Hector'un ağzından ;

Pegasustan inerken uyumuş olduğunu farkettim bugün gerçektende yorucu bir gündü . Düşününce acaba babamın beni dünyadaki canavarlardan korumak için mi bu saçma görevleri veriyor akıl sır erdiremiyorum. Atalente gerçekten çok güçlü bir kız ve herşeyin üstesinden geliyor keşke benim babamda bana Poseidon'un yaptığı gibi güvense ve her zaman beni desteklese . Atalente'yi özenle kucağıma aldım biraz mırıldanınca uyandı zannettim sonra boynuma sarılıp tekrar uykuya daldı . Onu kendi yatağıma bıraktım ve üzerini örttüm.
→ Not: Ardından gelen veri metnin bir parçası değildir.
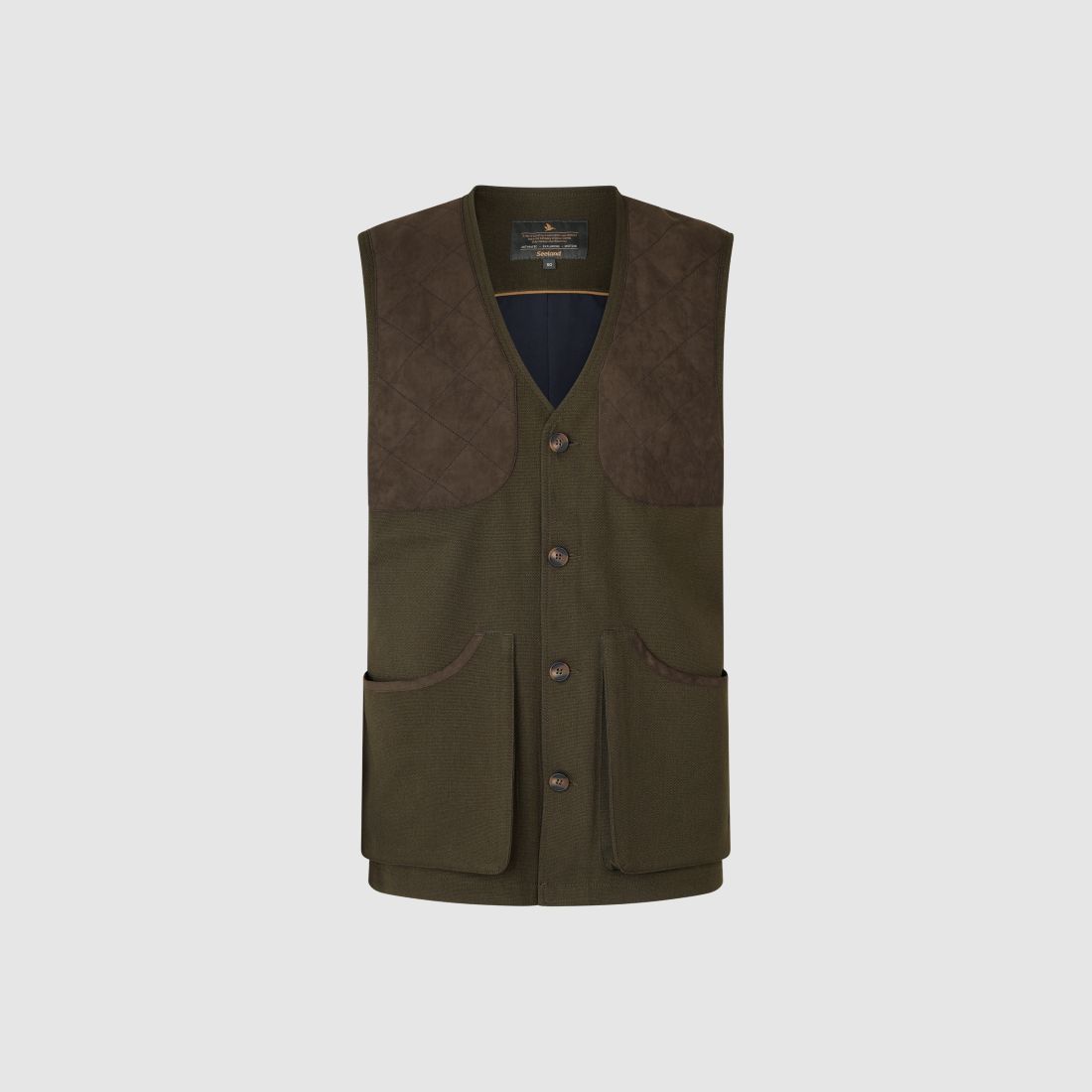 Seeland Woodcock Royale Weste Grün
Saat uyumak için biraz erkendi bende hergün yaptığım işi yaptım bulutları dağıttım ve biraz yağmur yağdırdım. Ben bunları yaparken saatin ilerlediğini farkettim birkaç nevresim takımı getirip koltuğu yatılabilecek hale getirdim ardından esneyerek gözlerimi hafifçe kapattım aklımdan geçen tek şey ise Atalente'ye nasıl yardım edebileceğimdi artık babamın arkasına saklanmayacaktım Atalente için herşeyi yapacaktım .

***
Bu bölümü sevgili arkadaşım müge'ye ithaf ediyorum.  Hikaye hakkında görüşlerinizi belirtirseniz sevinirim arkadaşlar . Bir sonraki bölümde görüşmek dileğiyle melezler :)
 

Şöyle bir bakınca bu bölümü kısa buldum zaten iki bölüm bir günün olaylarını anlattığı icin bunu 2 . part olarak dusunebilirsiniz ;)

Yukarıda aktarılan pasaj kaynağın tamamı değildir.